Esto nos permite intervenir lo menos posible y dejar que la naturaleza se exprese en cada racimo. A menor rendimiento, mayor intensidad. Y en altura, el rendimiento de la vid baja de forma natural, concentrando toda su energía en menos racimos, que acaban ofreciendo un perfil aromático más puro y definido.
Vinos con nervio, frescura y elegancia
Los vinos que nacen de viñedos de altura tienen algo especial. Quienes los conocen saben que hay una tensión interna, una energía contenida que se libera en boca con elegancia. En Comenge, esa frescura natural y esa acidez equilibrada se convierten en una especie de columna vertebral que sostiene todo el vino, desde los más jóvenes hasta los de guarda.
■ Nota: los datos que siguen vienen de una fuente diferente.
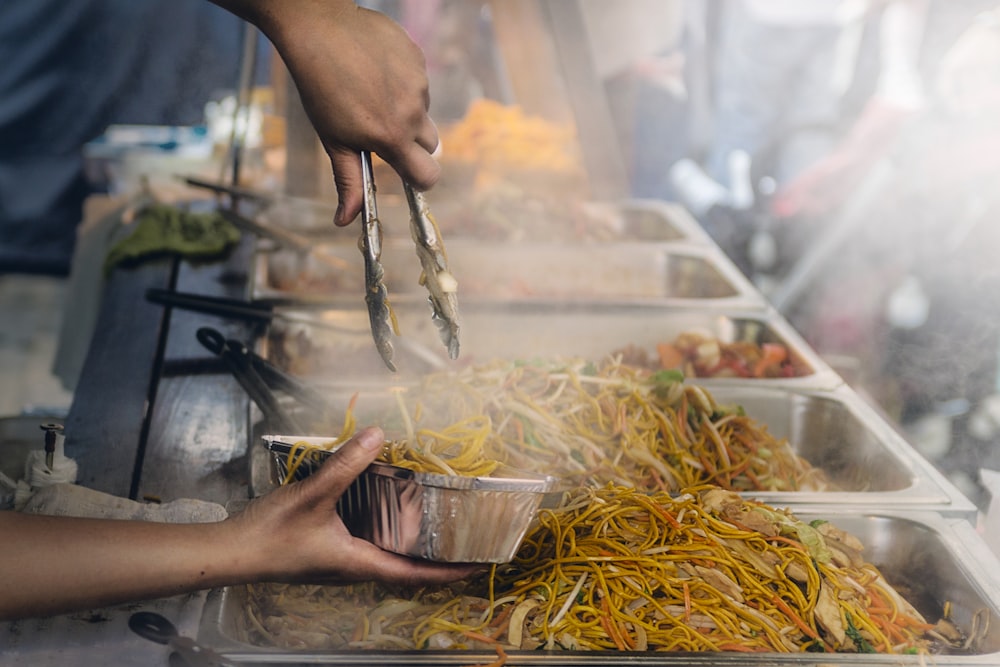 A cook putting Asian noodles into a take-out box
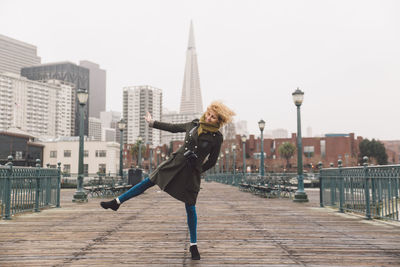 Woman dancing on bridge against buildings in city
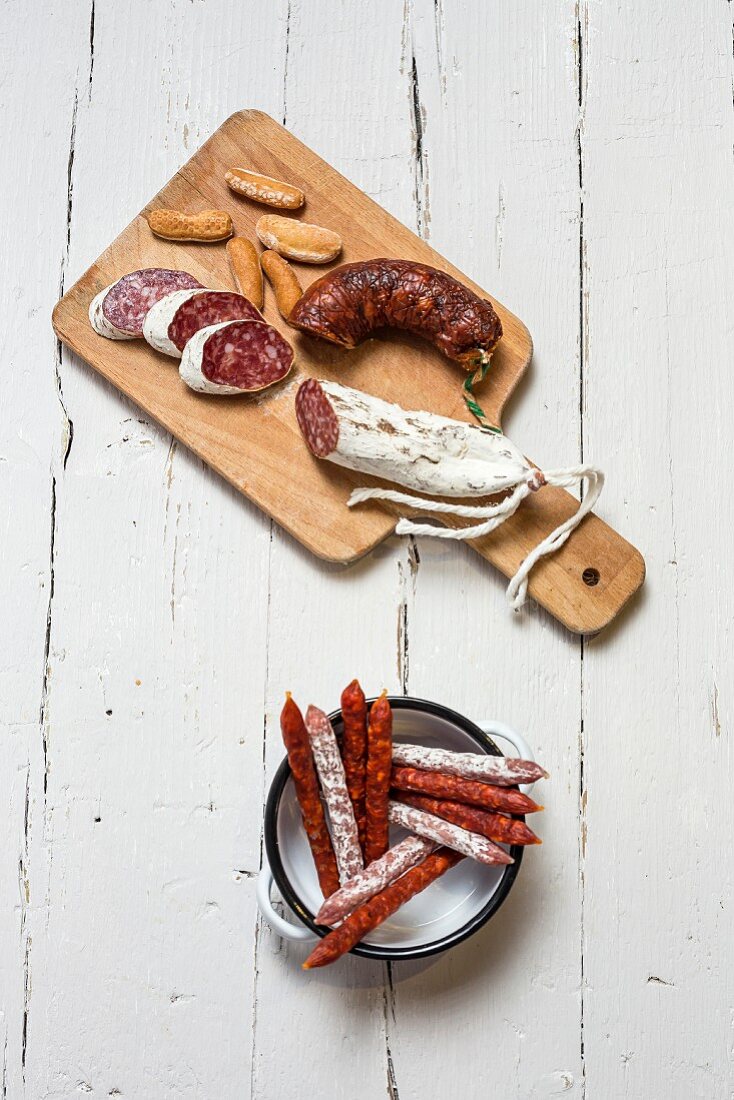 Various Spanish sausages in an enamel dish and on a wooden board (top view)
Nuestros tintos, por ejemplo, se caracterizan por una fruta muy limpia, viva, con notas florales y especiadas que solo se consiguen cuando la maduración es lenta y completa. La crianza en barrica actúa como una aliada, no como protagonista: los vinos ya vienen marcados por su origen, y la madera simplemente acompaña, redondea, integra.
La altitud también nos permite alargar el ciclo vegetativo y recoger la uva en el momento justo, sin prisas, cuando la piel está perfectamente formada y los taninos se presentan sedosos. Es entonces cuando la uva expresa todo su potencial y se convierte en vino con alma, capaz de evolucionar con gracia en la botella y sorprender incluso años después.
Un compromiso con la autenticidad
En un mundo cada vez más uniforme, la altitud representa una forma de resistencia. Nos aleja de las modas y nos acerca a lo esencial: al respeto por la tierra, al trabajo bien hecho, a la honestidad de un vino que habla de su origen. En Bodegas Comenge, la altitud no es una casualidad. Es un principio rector.
Nuestros vinos no solo reflejan el paisaje que los rodea, sino también una forma de entender la viticultura como un diálogo constante con el entorno. La altura nos exige estar atentos, adaptarnos, aprender cada año. Pero también nos recompensa con vinos llenos de carácter, de energía, de vida.
Y eso, al final, es lo que queremos compartir contigo: no solo una copa de vino, sino una historia de altura contada desde el corazón de la Ribera del Duero.